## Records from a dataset

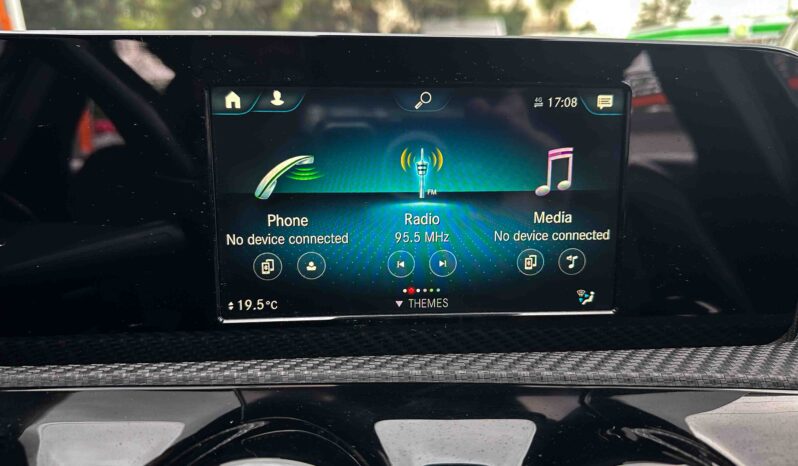 Mercedes-Benz A 180, ’20 Ελληνικής αντιπροσωπείας, 1ο Χέρι, Βιβλίο service, Εγγύηση full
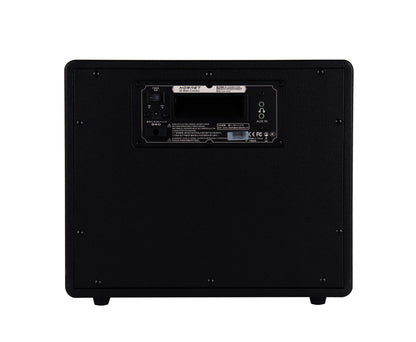 Ampli HORNET 30 BLACK, 30W, HP 8", 9 modélisations d'amplis haute-qualité, effets Modulation/Délai/Réverb, noir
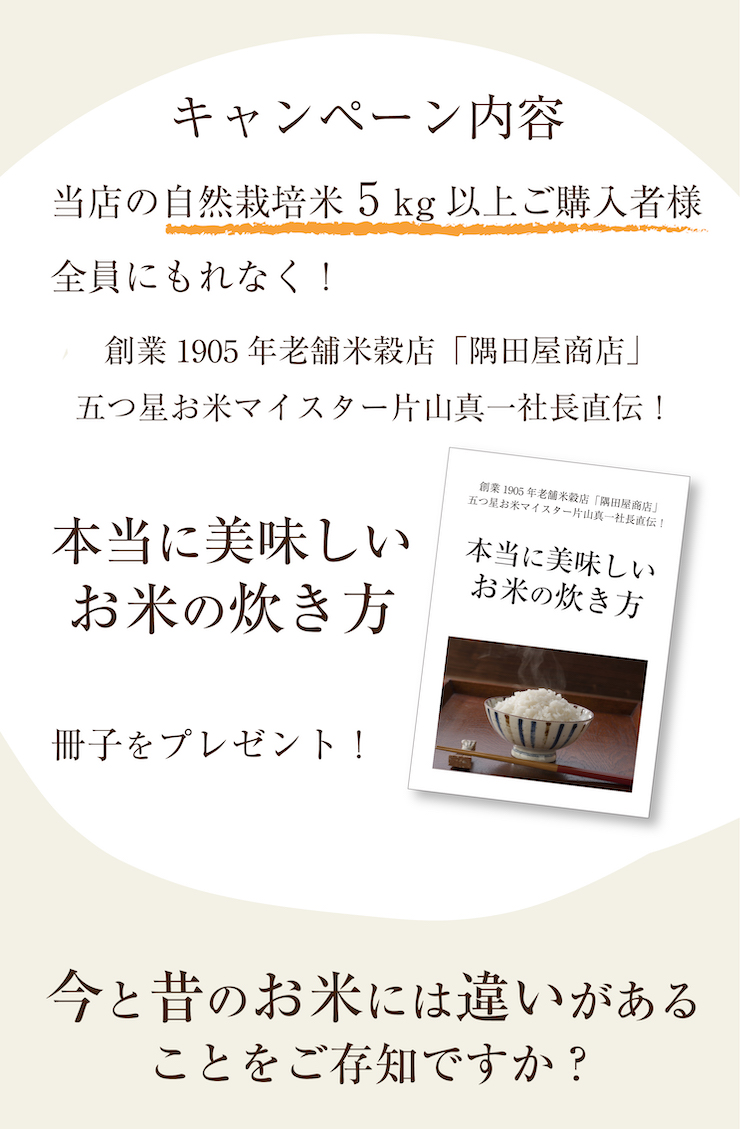 お米キャンペーン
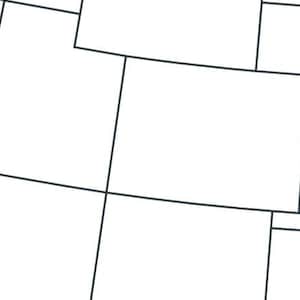 Map of the USA, Blank Map of North America, United States Outline Map ...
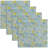 Cloth Napkins Printed, 100% Cotton Table Napkins, Multi-Pattern Square Napkins, 20+ Color-928189459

## PROMPT
Your output should consist solely of the lines from the line containing "Map of the USA, Blank" through the last line of the entries, verbatim, minus any pictures.

## RESPONSE TO THE TASK
 Map of the USA, Blank Map of North America, United States Outline Map ...
 Cloth Napkins Printed, 100% Cotton Table Napkins, Multi-Pattern Square Napkins, 20+ Color-928189459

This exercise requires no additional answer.